It was necessary then, for some one to undertake to get Le Chevalier out of the Temple, as he would not break his parole when he was outside; and this explains the simulated escape. What cannot be established, unfortunately, is the part taken by Fouché and Réal. Were they the instigators or the dupes? Did they esteem it better to feign ignorance, or was it in reality the act of subalterns working unknown to their chiefs? In any case, no one for a moment believed in the wall two yards thick bored through in one night by the aid of a fork, any more than in the rope-ladder made from a pair of nankeen breeches. Réal, in revenge, dismissed the concierge of the prison, put the gaoler Savard in irons, and exacted a report on "all the circumstances that could throw any light on the acquaintances the prisoner must have had in the prison to facilitate his escape."
It seems very probable that Licquet, either directly or through an agent like Perlet, in whom Le Chevalier had the greatest confidence, had had a hand in this escape. As soon as the prisoner was free, as soon as Mme. Acquet had given up all her secrets as the price of her lover's liberty, it only remained to secure him again, and the means employed to gain this end must have been somewhat discreditable, for in the reports sent to the Emperor, who was daily informed of the progress of the affair, things were manifestly misrepresented. The following facts cannot be questioned: Le Chevalier had found in Paris "an impenetrable retreat where he could boldly defy all the efforts of the police;" Fouché, guessing at the feelings of the fugitive, issued a warrant against Mme. Thiboust. By whom was Le Chevalier informed in his hiding-place of his sister-in-law's arrest? It is here, evidently, that a third person intervened. However that may be, the outlaw wrote to Fouché "offering to show himself as soon as the woman who acted as a mother to his son should be set at liberty." Fouché had Mme. Thiboust brought before him, and gave her a safe conduct of eight days for Le Chevalier, with positive and reiterated assurance that he would give him a passport for England as soon as he should deliver himself up.
Mme. Thiboust returned home to the Rue des Martyrs, where Le Chevalier came to see her; it was the evening of the 5th of January, 1808. He covered his little son with kisses and put him in bed: the child always remembered the caresses he received that evening. Mme. Thiboust, who did not put much faith in Fouché's promises, begged her brother-in-law to flee. "No, no," he replied; and later on she reported his answer thus: "The minister has kept his promise in setting you at liberty and I must keep mine—honour demands it; to hesitate would be weak, and to fail would be a crime." On the morning of the 6th, persuaded—or pretending to be—that Fouché was going to assist his crossing to England, he embraced his child and sister-in-law.
"Come," he said, "it is Twelfth-Night, and it is a fine day; have a mass said for us, and get breakfast ready. I shall be back in two hours."

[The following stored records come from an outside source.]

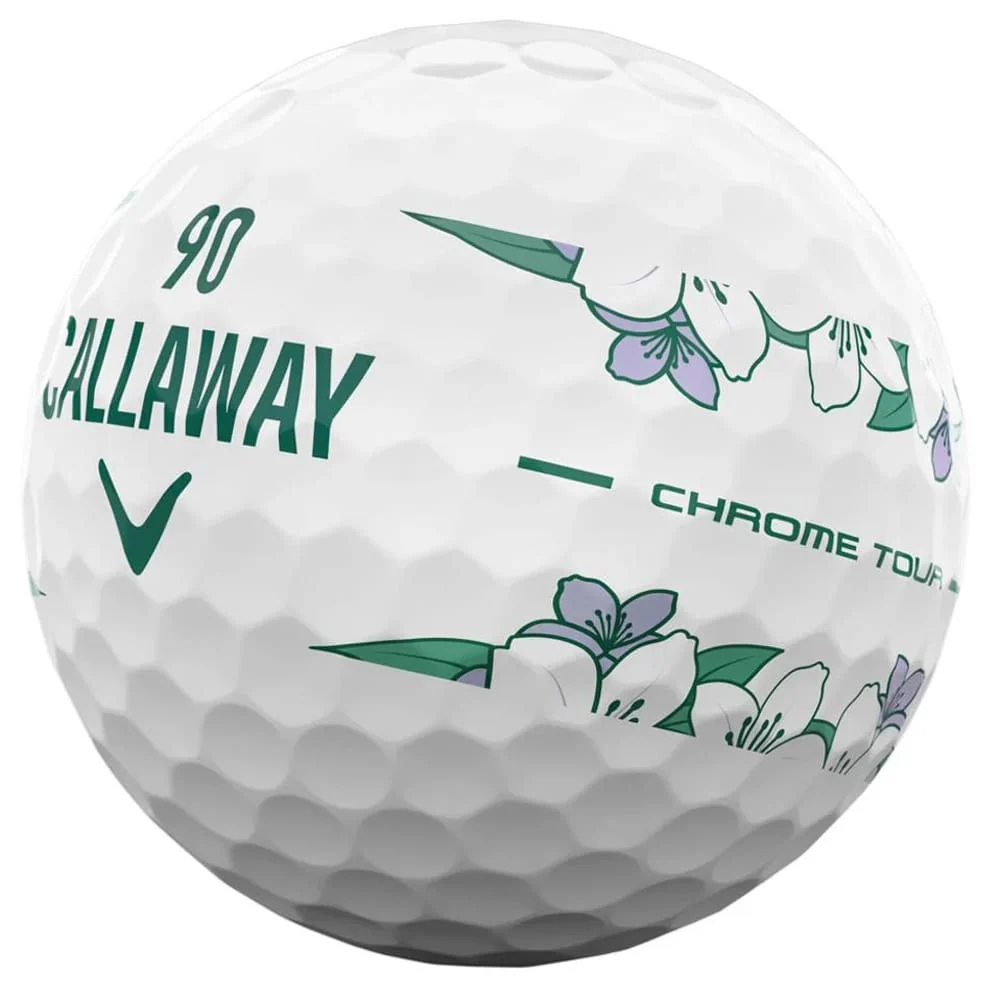 Callaway Chrome Tour 26 Stripe Ltd Edition Golf Balls - Major Series - White - 12 Pack - Image 5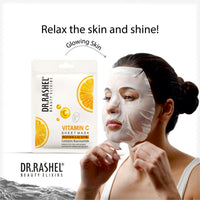 Dr.Rashel Vitamin C Face Sheet Mask With Serum For Women and Men 20 gm * 3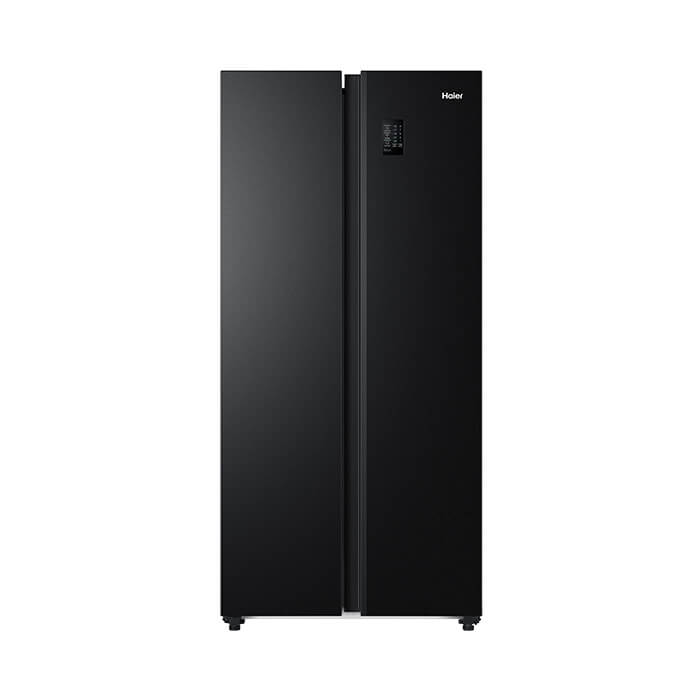 Haier Thermocool Inverter Fridge Side by Side 510L Black (HRF-520IBS)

Two hours later Inspector Pasque restored him to the Temple, and saw that he was put "hands and feet in irons, in the most rigorous seclusion, under the surveillance of a police agent who was not to leave him day or night."

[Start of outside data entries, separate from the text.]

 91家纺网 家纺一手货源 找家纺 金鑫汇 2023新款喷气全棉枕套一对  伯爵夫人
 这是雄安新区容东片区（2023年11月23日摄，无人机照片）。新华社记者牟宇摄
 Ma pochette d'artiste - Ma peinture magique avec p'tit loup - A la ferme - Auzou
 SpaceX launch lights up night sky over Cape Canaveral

The same evening Fouché sent the Emperor a report which contained no mention of the chivalrous conduct of Le Chevalier; it said that "the police had seized this brigand at the house of a woman with whom he had relations, and that they had succeeded in throwing themselves upon him before he could use his weapons." On the morning of the 9th, Commandant Durand, of the staff, presented himself at the Temple, and had the irons removed from the prisoner, who appeared at noon before a military commission in a hall in the staff office, 7 Quoi Voltaire. This expeditious magistracy was so sparing of its paper and ink that it took no notes. It played, in the social organisation, the rôle of a trap into which were thrust such people as were found embarrassing. Some were condemned whose fate is only known because their names have been found scribbled on a torn paper that served as an envelope for police reports.
Le Chevalier was condemned to death; he left the office of the staff at four o'clock and was thrown into the Abbaye to await execution. While the preparations were being made he wrote the following letter to Mme. Thiboust who had been three days without news, and it reached the poor woman the next day.
"Saturday, 9 January, 1808.
"I am going to die, my sister, and I bequeath you my son. I do not doubt that you will show him all a mother's tenderness and care. I beg you also to have all the firmness and vigilance that I should have had in forming his character and heart.
"Unfortunately, in leaving you the child that is so dear to me, I cannot also leave you a fortune equal to that which I inherited from my parents. I reproach myself, more than for any other fault in my life, for having diminished the inheritance they transmitted to me. Bring him up according to his actual fortune, and make him an artisan, if you must, rather than commit him to the care of strangers.